[REQUIRED WORK] Tally up the lines in the following entries where the string "Funny" appears, and answer with the number alone.

[DATA FOR THIS EXERCISE]
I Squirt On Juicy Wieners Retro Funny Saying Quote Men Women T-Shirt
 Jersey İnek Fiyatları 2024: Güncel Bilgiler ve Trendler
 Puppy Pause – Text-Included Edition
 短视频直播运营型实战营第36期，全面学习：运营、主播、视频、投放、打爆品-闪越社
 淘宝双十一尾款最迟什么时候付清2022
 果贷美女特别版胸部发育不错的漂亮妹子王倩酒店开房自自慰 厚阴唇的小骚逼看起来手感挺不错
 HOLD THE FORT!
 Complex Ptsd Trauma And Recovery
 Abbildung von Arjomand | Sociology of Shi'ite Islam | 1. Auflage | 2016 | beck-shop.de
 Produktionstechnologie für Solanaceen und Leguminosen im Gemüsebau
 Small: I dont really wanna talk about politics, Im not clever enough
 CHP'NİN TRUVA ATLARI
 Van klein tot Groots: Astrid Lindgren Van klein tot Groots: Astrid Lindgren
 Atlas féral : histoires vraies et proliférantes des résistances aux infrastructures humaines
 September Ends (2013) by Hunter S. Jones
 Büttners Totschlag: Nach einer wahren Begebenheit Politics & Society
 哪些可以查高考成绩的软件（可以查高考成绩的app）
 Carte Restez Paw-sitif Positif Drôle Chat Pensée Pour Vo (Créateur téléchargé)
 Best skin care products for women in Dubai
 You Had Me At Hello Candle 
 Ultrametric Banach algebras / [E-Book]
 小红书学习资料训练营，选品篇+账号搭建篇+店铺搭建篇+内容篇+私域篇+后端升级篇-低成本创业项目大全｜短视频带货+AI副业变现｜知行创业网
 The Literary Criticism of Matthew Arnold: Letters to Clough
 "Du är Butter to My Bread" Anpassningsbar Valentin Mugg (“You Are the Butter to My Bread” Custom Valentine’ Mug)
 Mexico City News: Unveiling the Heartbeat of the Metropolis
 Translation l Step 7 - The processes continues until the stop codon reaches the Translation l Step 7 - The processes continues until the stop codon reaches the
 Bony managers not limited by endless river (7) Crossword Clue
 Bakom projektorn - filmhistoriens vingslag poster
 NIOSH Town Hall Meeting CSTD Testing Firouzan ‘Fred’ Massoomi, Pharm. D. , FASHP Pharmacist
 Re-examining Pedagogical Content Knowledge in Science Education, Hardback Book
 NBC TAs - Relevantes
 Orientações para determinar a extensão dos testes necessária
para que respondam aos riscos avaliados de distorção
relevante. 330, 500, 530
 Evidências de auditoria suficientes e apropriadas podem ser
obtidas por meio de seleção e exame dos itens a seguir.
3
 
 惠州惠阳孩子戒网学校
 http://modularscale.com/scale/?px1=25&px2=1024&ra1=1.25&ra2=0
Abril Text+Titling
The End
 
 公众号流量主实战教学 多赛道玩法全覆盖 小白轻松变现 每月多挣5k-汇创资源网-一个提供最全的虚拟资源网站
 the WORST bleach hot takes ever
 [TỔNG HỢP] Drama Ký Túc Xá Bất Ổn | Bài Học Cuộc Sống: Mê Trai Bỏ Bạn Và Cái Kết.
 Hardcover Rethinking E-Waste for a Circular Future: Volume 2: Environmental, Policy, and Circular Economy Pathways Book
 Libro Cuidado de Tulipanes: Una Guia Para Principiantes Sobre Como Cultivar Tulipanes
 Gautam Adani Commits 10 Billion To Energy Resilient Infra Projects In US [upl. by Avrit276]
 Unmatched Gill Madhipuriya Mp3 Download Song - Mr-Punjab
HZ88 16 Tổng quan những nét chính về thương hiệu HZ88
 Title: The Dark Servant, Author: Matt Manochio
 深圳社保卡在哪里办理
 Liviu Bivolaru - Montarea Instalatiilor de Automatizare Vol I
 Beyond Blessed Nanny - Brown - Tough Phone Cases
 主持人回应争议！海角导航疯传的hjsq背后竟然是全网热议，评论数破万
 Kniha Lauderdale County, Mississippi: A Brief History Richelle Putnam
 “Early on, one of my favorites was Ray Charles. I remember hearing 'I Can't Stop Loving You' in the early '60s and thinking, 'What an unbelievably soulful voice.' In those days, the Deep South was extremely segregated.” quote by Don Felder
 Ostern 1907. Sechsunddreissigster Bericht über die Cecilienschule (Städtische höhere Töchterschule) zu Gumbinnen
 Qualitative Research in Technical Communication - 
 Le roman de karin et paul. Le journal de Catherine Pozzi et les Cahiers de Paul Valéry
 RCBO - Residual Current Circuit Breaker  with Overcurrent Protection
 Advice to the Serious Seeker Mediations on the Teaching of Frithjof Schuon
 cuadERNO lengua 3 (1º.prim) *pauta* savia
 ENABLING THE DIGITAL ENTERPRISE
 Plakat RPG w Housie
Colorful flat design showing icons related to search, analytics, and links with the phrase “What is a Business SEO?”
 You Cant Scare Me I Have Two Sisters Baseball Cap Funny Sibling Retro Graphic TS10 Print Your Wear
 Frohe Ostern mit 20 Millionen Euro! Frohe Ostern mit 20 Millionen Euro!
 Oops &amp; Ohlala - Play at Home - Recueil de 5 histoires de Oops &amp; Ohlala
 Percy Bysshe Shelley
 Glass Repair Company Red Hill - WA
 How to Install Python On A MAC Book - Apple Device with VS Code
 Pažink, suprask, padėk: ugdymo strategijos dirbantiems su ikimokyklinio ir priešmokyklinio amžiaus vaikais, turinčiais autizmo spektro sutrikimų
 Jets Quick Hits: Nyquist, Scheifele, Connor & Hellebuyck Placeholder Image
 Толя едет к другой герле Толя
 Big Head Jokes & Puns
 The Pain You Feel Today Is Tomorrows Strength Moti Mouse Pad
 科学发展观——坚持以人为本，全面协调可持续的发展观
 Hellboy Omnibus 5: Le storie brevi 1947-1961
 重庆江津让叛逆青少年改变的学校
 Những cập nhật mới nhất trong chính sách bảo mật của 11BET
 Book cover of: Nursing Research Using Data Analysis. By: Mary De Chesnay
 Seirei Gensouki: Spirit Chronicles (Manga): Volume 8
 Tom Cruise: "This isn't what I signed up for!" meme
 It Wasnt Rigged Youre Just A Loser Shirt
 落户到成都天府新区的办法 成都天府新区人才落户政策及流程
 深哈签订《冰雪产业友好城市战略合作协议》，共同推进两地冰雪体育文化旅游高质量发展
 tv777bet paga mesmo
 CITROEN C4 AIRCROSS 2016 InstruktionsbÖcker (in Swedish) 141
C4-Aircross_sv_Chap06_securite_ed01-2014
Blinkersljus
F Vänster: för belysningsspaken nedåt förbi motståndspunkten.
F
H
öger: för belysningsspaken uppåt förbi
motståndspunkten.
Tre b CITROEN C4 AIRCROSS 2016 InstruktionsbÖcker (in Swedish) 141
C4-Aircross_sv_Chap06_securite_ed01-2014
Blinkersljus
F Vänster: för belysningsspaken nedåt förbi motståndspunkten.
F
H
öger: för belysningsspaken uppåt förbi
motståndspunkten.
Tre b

[EXERCISE RESULT] 2